It is an old adage that making laws is like making sausages, but when it comes to the Telecommunications Act of 1996, it appears increasingly that the ingredients were particularly rancid. Key lawmakers charged with overseeing telecom policy Tuesday denounced the law as a highly flawed product of powerful special interests.
Sen. John McCain, R-Ariz., who is slated to chair the upper chambers commerce committee in this session of Congress, said that the act resulted in thousands of new regulations, millions of dollars paid to lawyers and lobbyists, massive litigation and legislative paralysis.
McCain made the remarks Tuesday morning at a commerce committee hearing, where the five commissioners of the Federal Communications Commission testified about plans to reconsider the obligations of local telephone carriers, namely the Regional Bell Operating Companies, to allow rivals access to the local networks.
Sen. Ernest Hollings, D-S.C., severely chided the RBOCs for not honoring the spirit and letter of the 1996 law, even though they played a major role in crafting it. “[The Bells] wrote it, but they lied,” Hollings said. “It was a pure sham.”
Hollings criticized FCC Chairman Michael Powell for his willingness to consider cutting some of the Bells obligations. He said that the Bells as a whole have done little to actually offer long-distance services, and they continuously stymied the act by contesting portions of it in court. Despite those efforts, however, the act has achieved a measure of success and should be given more time to mature before the FCC makes major changes to the rules, Hollings said.
Charging that “orders that the FCC may soon implement would destroy competition at the very moment its about to take hold,” Hollings was especially concerned about FCC proposals regarding the Bells obligations vis-à-vis broadband service to businesses. “The FCC is about to create a monopoly in the small and medium business market,” he said.
Sen. Byron Dorgan, D-N.D., said he was concerned that major changes to the existing local network access rules could result in a train wreck. Dorgan explicitly cautioned that if the commission does not continue to require the Bells to provide switching services to rivals, it will cause “dramatic injury” to competitors.
Not all committee members were as critical of the FCC, however, and the lawmakers are divided on how to better promote competition—either by better enforcing rules allowing competitors access to the local telephone network or by reducing those rules. Sen. George Allen, R-Va., told the commissioners that the “costly, strenuous debate” has reached an unproductive stalemate in Congress.
Sen. Sam Brownback, R-Kan., indicated the most explicit support for removing some elements of the local network from the list of elements the Bells must lease at regulated rates. Brownback said he would welcome reform of the local network access rules, indicating that he would support reported FCC plans to at least partially relieve the Bells of having to lease switching services at regulated rates.
It appears clear that Congress will be unable to provide any decisive direction to the FCC, but several members of the committee, from both parties, cautioned that the commission should not undercut the role of state regulators in overseeing the obligations of local carriers.

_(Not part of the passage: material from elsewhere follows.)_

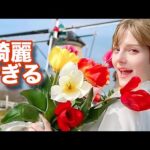 オランダ人が日本のオランダ公園に来たら、まさかの感動体験に！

In response, the commissioners each noted that the states will continue to play a role in implementing the 1996 act. Powell said that the states role is to establish prices for the portions of the local network that the FCC decides must be leased and to establish retail rates. He suggested to the committee that in reviewing which of the Bells local network access obligations to retain, the FCC would probably focus on network elements that constitute a physical impairment to competition, such as the last-mile connection to the customer. Switches could be construed as not constituting the same kind of impairment to competition, industry experts said.
Commissioner Michael Copps, one of the two Democrats on the commission, said that the states role should be as a full partner to the FCC. Copps told the committee that he believes the FCC must give the 1996 act more time to achieve the goal of competition.
Tea leaf readers saw in the commissioners statements the likelihood of some deregulation of the Bells obligations to provide rivals with access to the local networks, but not a massive change of rules.
Also Tuesday, Senate Commerce committee members announced plans to introduce several telecom-related measures, including a bill sponsored by Sens. Allen and Barbara Boxer, D-Calif., to promote more unlicensed spectrum; and a bill sponsored by Sens. Conrad Burns, R-Mont., and Max Bauchus, D-Mont., to provide tax incentives to carriers building out broadband facilities in rural areas.